* [DATA EXCERPT]:
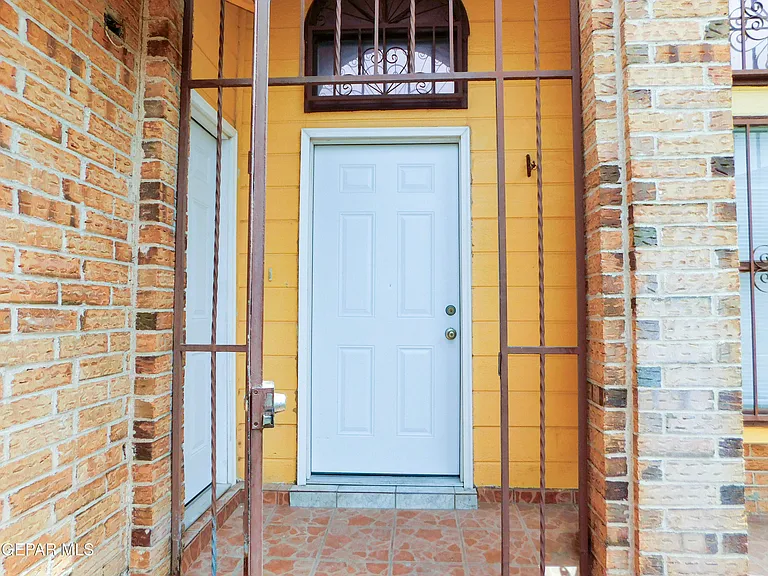 726 Medina St — Photo 4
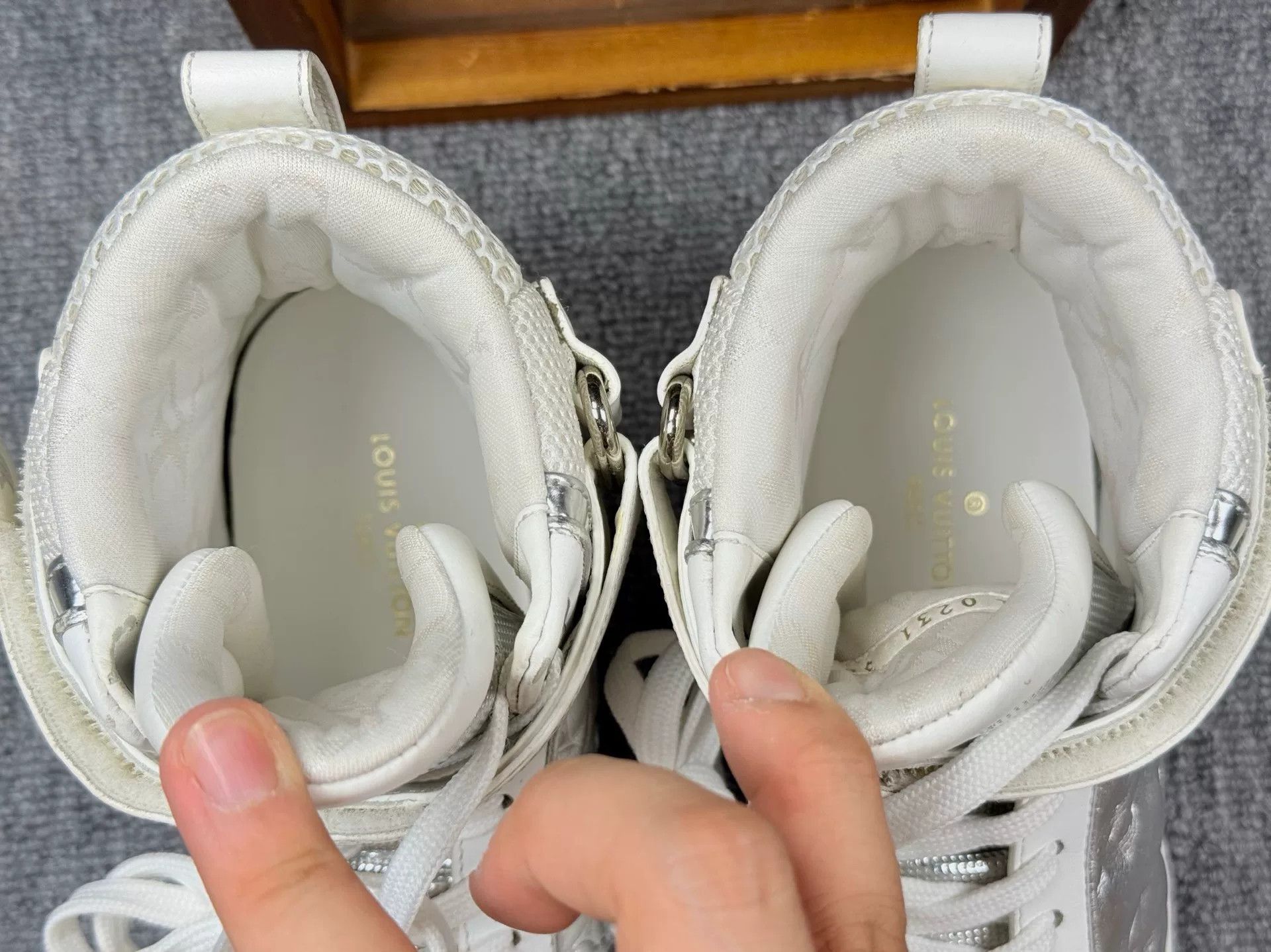 Louis Vuitton Louis Vuitton White Hitop Sneakers 5.5 Men Size US 5.5 / EU 38 - 8 Thumbnail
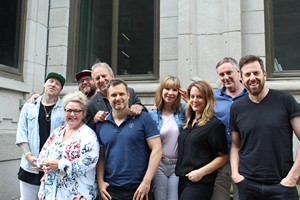 Michel Côté, Julie Le Breton, Patrice Robitaille, Sonia Vachon,Yves Jacques, les scénaristes Éric K. Boulianne et Sébastien Ravary, le réalisateur, scénariste et producteur Émile Gaudreault et la productrice Denise Robert 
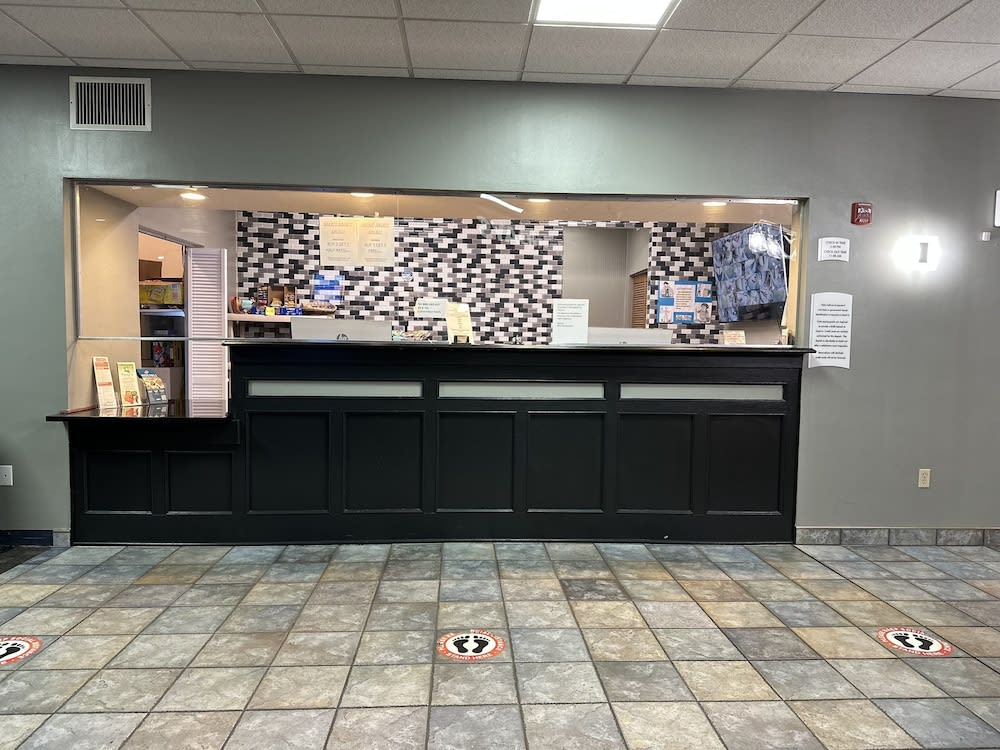 Wilkes-Barre Inn & Suites 2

* [WHAT THE EXERCISE ASKS]:
The required output is every line from the one containing "Louis Vuitton Louis" through the last line of the data above, restated exactly and without pictures.

* [REPLY]:
 Louis Vuitton Louis Vuitton White Hitop Sneakers 5.5 Men Size US 5.5 / EU 38 - 8 Thumbnail
 Michel Côté, Julie Le Breton, Patrice Robitaille, Sonia Vachon,Yves Jacques, les scénaristes Éric K. Boulianne et Sébastien Ravary, le réalisateur, scénariste et producteur Émile Gaudreault et la productrice Denise Robert 
 Wilkes-Barre Inn & Suites 2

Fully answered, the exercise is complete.